Chester disappeared through still another door and returned to lay a gray carton gently on the big desk. Sheridan moved the carton to a small table that he pulled up in front of McLeod’s chair. He opened the carton and looked tenderly at its contents. McLeod stood up as Sheridan lifted another box, this one dark leather, out of the carton; he opened the leather box, slid out the manuscript, and laid it in front of her. It was an enormous pile of paper, at least three inches thick. She lifted the first page—good, heavy, slightly textured ivory-colored paper, on which Trollope had written the novel’s title,
The Eustace Diamonds,
and below it, “Chapter 1.”
The rest of the page—both sides—was covered with Trollope’s handwriting in brown ink. McLeod sighed in admiration. She knew that Trollope had written ten pages a day, relentlessly, two hundred and fifty words to the page, none of it ever rewritten and all of it fully legible a hundred and thirty years later, with only an occasional word crossed out, an ink blot here and there, a smudge now and then.
She admired the manuscript silently and then looked up, smiled at Philip Sheridan, and said, “I find it strangely moving. Thank you so much. It’s an amazing experience—to look at what Anthony Trollope actually wrote.”
“We’ll make a collector out of you yet,” said Sheridan.
“I’m very grateful,” McLeod said. “To both of you.”
“Thanks, Philip,” Nat said and steered McLeod back to his office.
“That was so interesting, Nat. Tell me about the Sheridan collection. Who is he? Do the books and manuscripts belong to Princeton or to Philip Sheridan?”
“Philip Sheridan is from a tremendously wealthy old Princeton family. He went to Princeton and he’s always been a loyal alumnus. His father was something of a collector of Americana—he’s the one who bought the
Bay Psalm Book.
That’s the jewel of the Sheridan Collection.”

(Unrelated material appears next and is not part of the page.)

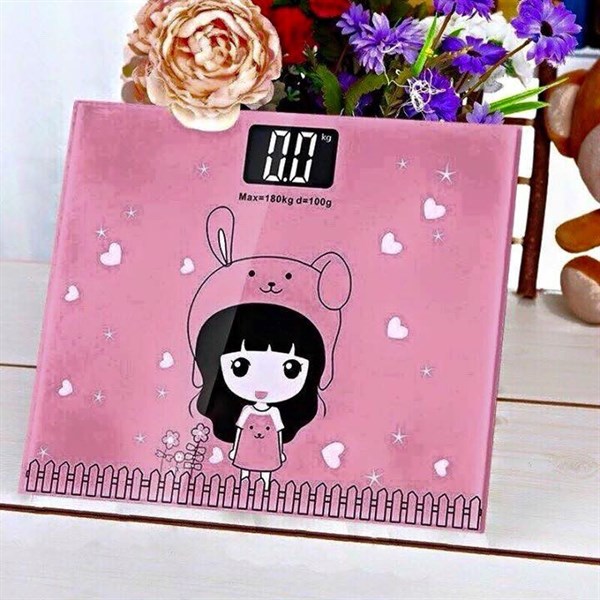 Cân điện tử mặt kính cường lực vuông BH 1 đổi 1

“What’s that?” asked McLeod.
“It’s the first book printed in America and it is extremely rare,” said Natty. “Philip is interested in Americana but he’s more of an Anglophile and he put together this incredible accumulation of British books and manuscripts from the eighteenth and nineteenth centuries. It was my predecessor who got him to promise his books and manuscripts to Princeton. The books still technically belong to Sheridan, but in his will he leaves the collection to Princeton, along with a trust fund to pay for a curator and cataloger. In return, we house his collection for him now—it’s quite safe here, safer than it was in his home. And he paid for building those two rooms—they’re replicas of his own library. Everything in it is included in our catalog, and researchers have access to the collection. Researchers don’t work in his rooms, of course, but in the Dulles Reading Room, and staff members bring them the books they call for, just as they do for other books and manuscripts. The Sheridan Collection is heavily used by researchers, as a matter of fact.” He paused for breath. “Now for van Dyke. You can look in the Finding Guide for the van Dyke papers—it’s a kind of index.” He handed it to her.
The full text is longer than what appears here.